= THE PROBLEM =
Leave out the pictures and repeat the data exactly.

= THE RECORDS =
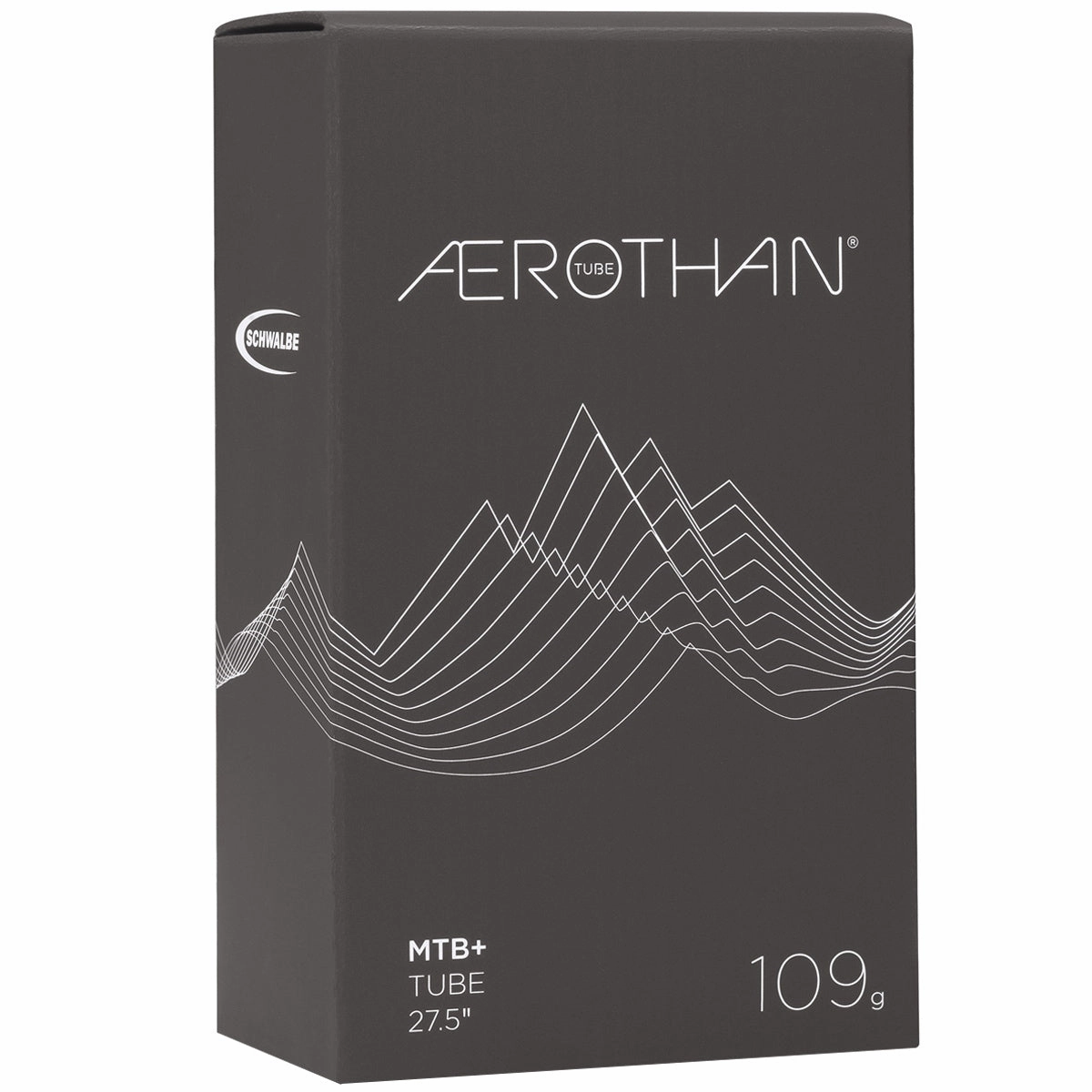Schwalbe Aerothan Mtb 27.5  inner tube
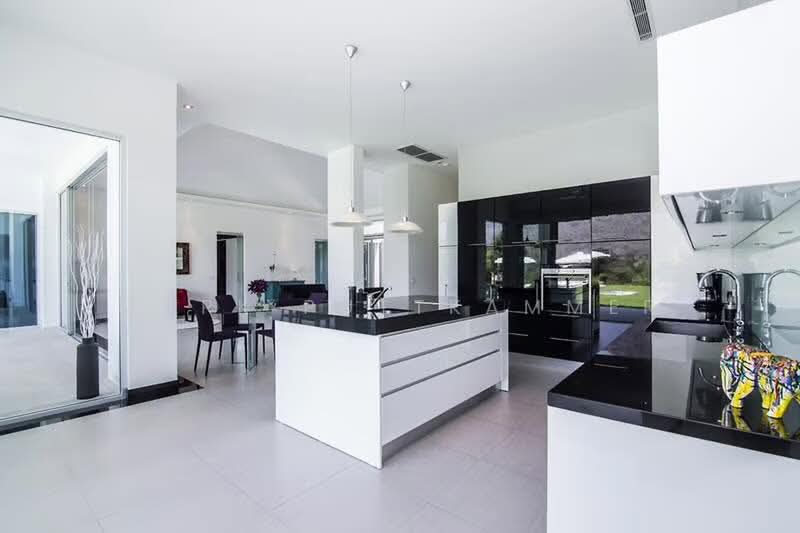 Hua Hin Black Mountain, ประจวบคีรีขันธ์, 565 Moo7 Nong Hieng Road Hin Lek Fai, หินเหล็กไฟ, หัวหิน, ประจวบคีรีขันธ์, 570 ตร.ม., วิลล่า ขาย, โดย Mark Puttkammer, 500402885 - DDproperty.com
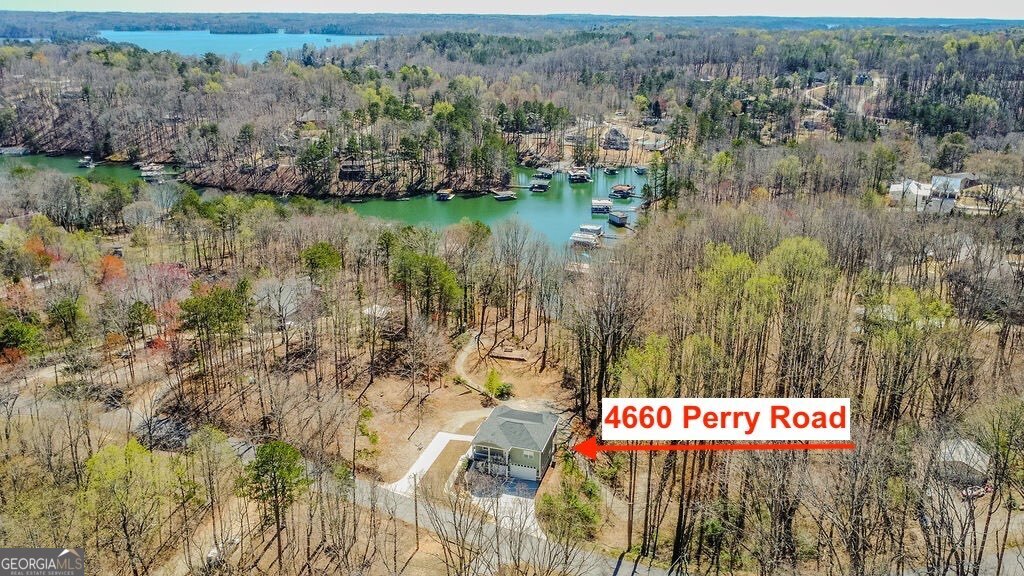 4660 Perry RD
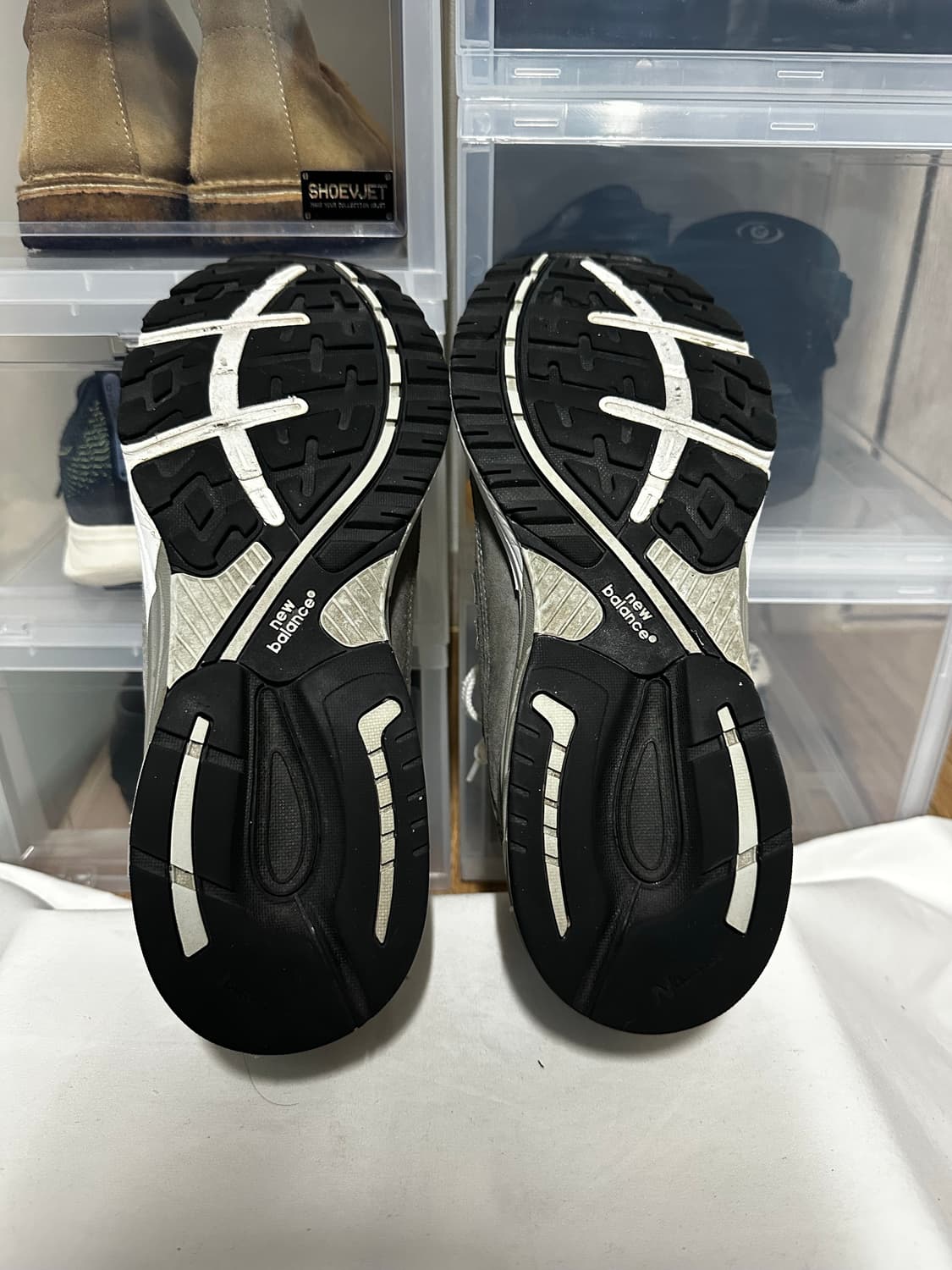 뉴발란스 993 285mm 상품이미지6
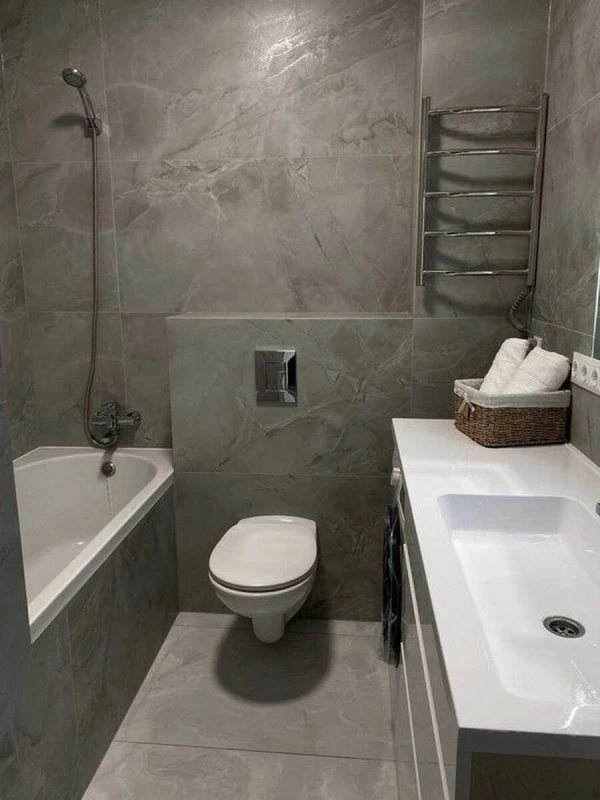 Квартира 1-кімн. продаж Софіївська Борщагівка – 43 м², Софіївська Борщагівка — 7/8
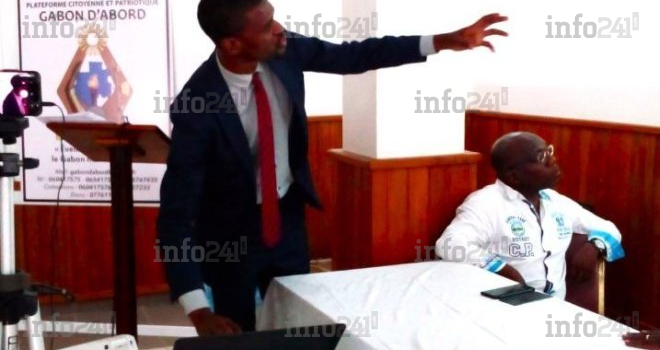 Présidentielle 2023 : Gabon d’abord veut conjurer l’abstention, cet ennemi de l’alternance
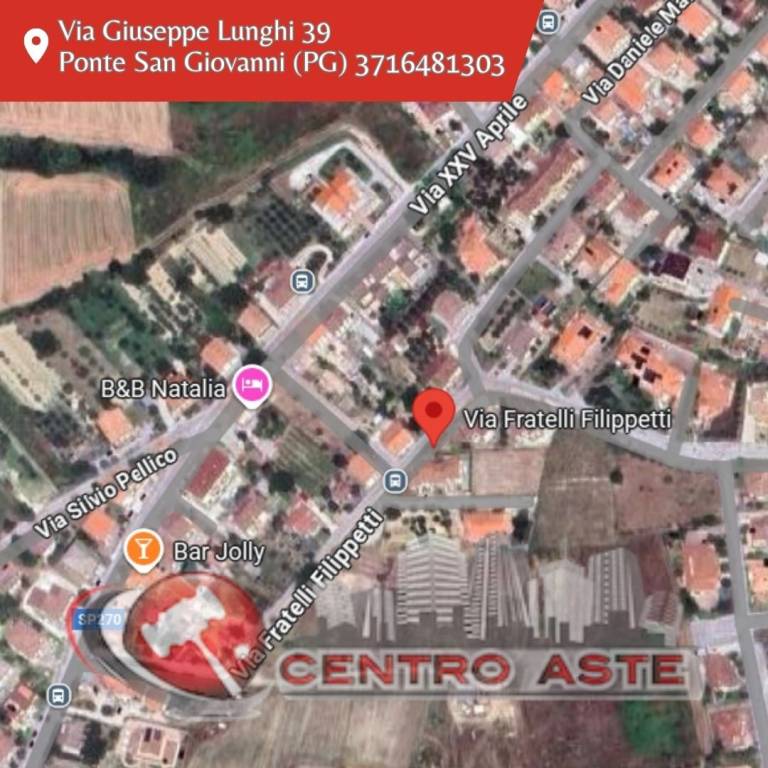 negozio in vendita a Gualdo Tadino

= SOLUTION FOR THIS TASK =
Schwalbe Aerothan Mtb 27.5  inner tube
 Hua Hin Black Mountain, ประจวบคีรีขันธ์, 565 Moo7 Nong Hieng Road Hin Lek Fai, หินเหล็กไฟ, หัวหิน, ประจวบคีรีขันธ์, 570 ตร.ม., วิลล่า ขาย, โดย Mark Puttkammer, 500402885 - DDproperty.com
 4660 Perry RD
 뉴발란스 993 285mm 상품이미지6
 Квартира 1-кімн. продаж Софіївська Борщагівка – 43 м², Софіївська Борщагівка — 7/8
 Présidentielle 2023 : Gabon d’abord veut conjurer l’abstention, cet ennemi de l’alternance
 negozio in vendita a Gualdo Tadino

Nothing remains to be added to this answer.